Al leerlo, y pese a mi juventud, comprendí y confirmé una idea que siempre he pensado, mejor aún, sentido, que es una facultad superior a la primera, aunque muchos no lo crean así. Se trata de la oscura naturaleza de las guerras, incluso de aquellas que se proclaman justas y necesarias, sobre todo, cuando las libran -como siempre- los jóvenes, instigados por los viejos. Para luego, finalizarlas los viejos, dejando a los jóvenes, tendidos en las llanuras tétricas del horror, o lo que es peor, vivos; pero muertos para siempre. Esa es la historia de la humanidad en todas sus épocas y confines.
Recuerdo una imagen, aparecida en un rotativo nacional, que me impactó tiempo atrás. Se trataba de un grupo de jóvenes combatientes suramericanos, poco importa si eran soldados o guerrilleros, que yacían masacrados en un verde campo. Terriblemente jóvenes, terriblemente limpios, terriblemente muertos.
Y sólo pude comprobar cuán ciertos eran los versos de don Hugo, ahora evocados: “Diecisiete años de esperanza/por un minuto de ardentía. / ¿Si tuvo Patria? No más patria/que su ideal de flor purísima/pues lo demás era jauría, /hato, redil, manada y piara”.
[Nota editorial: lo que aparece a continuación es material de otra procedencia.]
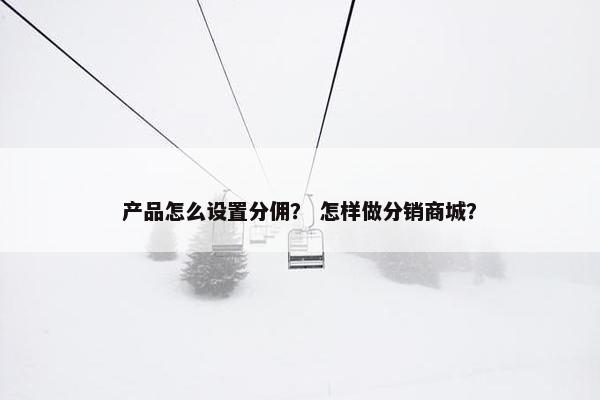 产品怎么设置分佣？ 怎样做分销商城？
En “Lápidas de la guerra civil”, el poeta Waldo Chávez Velasco, nos ofrece el poema “Dos cruces en la neblina”, más que ilustrador. Dice así: “Juan Ramón, el carbonero, /como único capital/ tuvo dos hijos varones. / Uno se volvió artillero/ de la unidad de cañones/ de la Guardia Nacional. / Otro se hizo guerrillero. / Dos cruces en la neblina. /Todos, todos/duermen en la colina”.
Bajo el sol ardiente marchan los veteranos de todas las guerras, exhibiendo sus muñones, sus condecoraciones, sus sucias y raídas guerreras. Marchan juntos. Ahora qué más da, si fueron troyanos o tirios. El dolor, la indiferencia, el abandono los une.
Para las polis importan las flotas mercantes, los esclavos, la expansión imperial, no aquellos infortunados que nos remiten al ayer. Importa el hoy, a cuyos frentes de guerra, siguen yendo los jóvenes, en cualquier región del mundo, para salvaguardar una falaz y brutal patria que sólo existe en el despiadado ajedrez que tiene amos.
Un extraordinario poeta nacional, José María Cuéllar, escribió uno de los más hondos poemas en lengua castellana, me refiero a “Guerras de mi país”, aparecido en su libro “Crónicas de Infancia” (1971), y del cual me permito extraer los versos finales, para rubricar mi rechazo a todas las guerras, y mi voto enardecido a favor de la paz, fruto de la justicia y de la libertad.
Sea con nosotros, entonces, la salvífica poesía: “…en mi país hubo la guerra de independencia/ y la guerra de Anastasio Aquino/ y la guerra de los confederados/ y la guerra de los idealistas/ y la guerra del 32/ y la guerra de las cien horas/ y la guerra de los guerreros/ y nunca hubo vencedores ni vencidos/ sólo mujeres sin seno/ hombres sin testículos/ niños con la lengua de fuera/ ovillados junto al terror/ como una estatua antigua/ como un terreno baldío/ como el paisaje más triste de la segunda guerra”.